In an A.P. with first term 'a' and the common difference `d(a, d!= 0)`, the ratio `'rho'` of the sum of the first `n` terms to sum of `n` terms succedding them does not depend on `n`. Then the ratio `(a)/(d)` and the ratio `'rho'`, respectively are

To solve the problem, we need to find the ratios \( \frac{a}{d} \) and \( \rho \) given that the ratio of the sum of the first \( n \) terms to the sum of the \( n \) terms succeeding them does not depend on \( n \). ### Step 1: Find the sum of the first \( n \) terms of the A.P. The sum of the first \( n \) terms \( S_n \) of an arithmetic progression (A.P.) is given by the formula: \[ S_n = \frac{n}{2} \left(2a + (n-1)d\right) \] ### Step 2: Find the sum of the next \( n \) terms (i.e., the sum of terms from \( n+1 \) to \( 2n \)) The sum of the first \( 2n \) terms \( S_{2n} \) is: \[ S_{2n} = \frac{2n}{2} \left(2a + (2n-1)d\right) = n \left(2a + (2n-1)d\right) \] Thus, the sum of the next \( n \) terms (from \( n+1 \) to \( 2n \)) is: \[ S_{2n} - S_n = n \left(2a + (2n-1)d\right) - \frac{n}{2} \left(2a + (n-1)d\right) \] ### Step 3: Simplify the expression for \( S_{2n} - S_n \) Calculating \( S_{2n} - S_n \): \[ S_{2n} - S_n = n \left(2a + (2n-1)d\right) - \frac{n}{2} \left(2a + (n-1)d\right) \] Expanding both terms: \[ = n(2a + 2nd - d) - \frac{n}{2}(2a + nd - d) \] Combining the terms: \[ = 2an + 2n^2d - nd - \left(an + \frac{n^2d}{2} - \frac{nd}{2}\right) \] ### Step 4: Collect like terms Combining like terms gives: \[ = 2an + 2n^2d - nd - an - \frac{n^2d}{2} + \frac{nd}{2} \] This simplifies to: \[ = an + \left(2n^2 - \frac{n^2}{2}\right)d + \left(-nd + \frac{nd}{2}\right) \] ### Step 5: Set up the ratio \( \rho \) Now, we can express \( \rho \) as: \[ \rho = \frac{S_n}{S_{2n} - S_n} \] Substituting the expressions we found: \[ \rho = \frac{\frac{n}{2}(2a + (n-1)d)}{an + \left(2n^2 - \frac{n^2}{2}\right)d + \left(-nd + \frac{nd}{2}\right)} \] ### Step 6: Analyze the condition that \( \rho \) does not depend on \( n \) For \( \rho \) to not depend on \( n \), the coefficients of \( n \) in the numerator and denominator must cancel out.
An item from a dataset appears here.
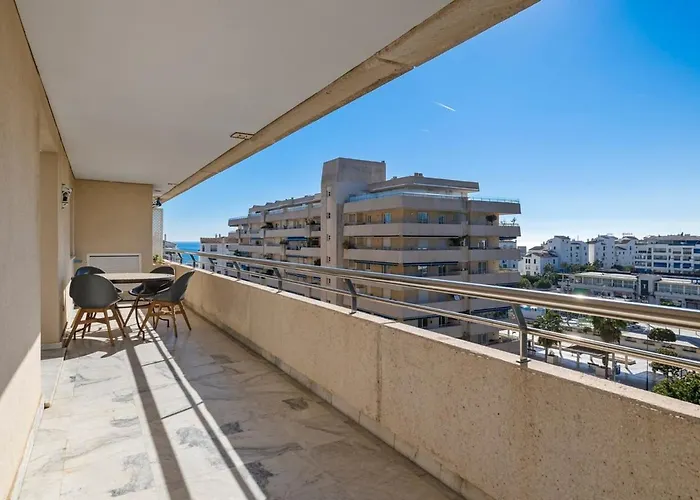 Puerto Banus- Parking Piscina. *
This leads us to set certain terms equal to zero. ### Step 7: Solve for \( \frac{a}{d} \) and \( \rho \) From the analysis, we find that: 1. Setting the coefficient of \( n \) in the denominator to zero gives us \( a - \frac{d}{2} = 0 \) or \( a = \frac{d}{2} \). 2. Substituting this back into the expression for \( \rho \) leads to \( \rho = \frac{1}{3} \). ### Final Ratios Thus, we have: \[ \frac{a}{d} = \frac{1}{2}, \quad \rho = \frac{1}{3} \]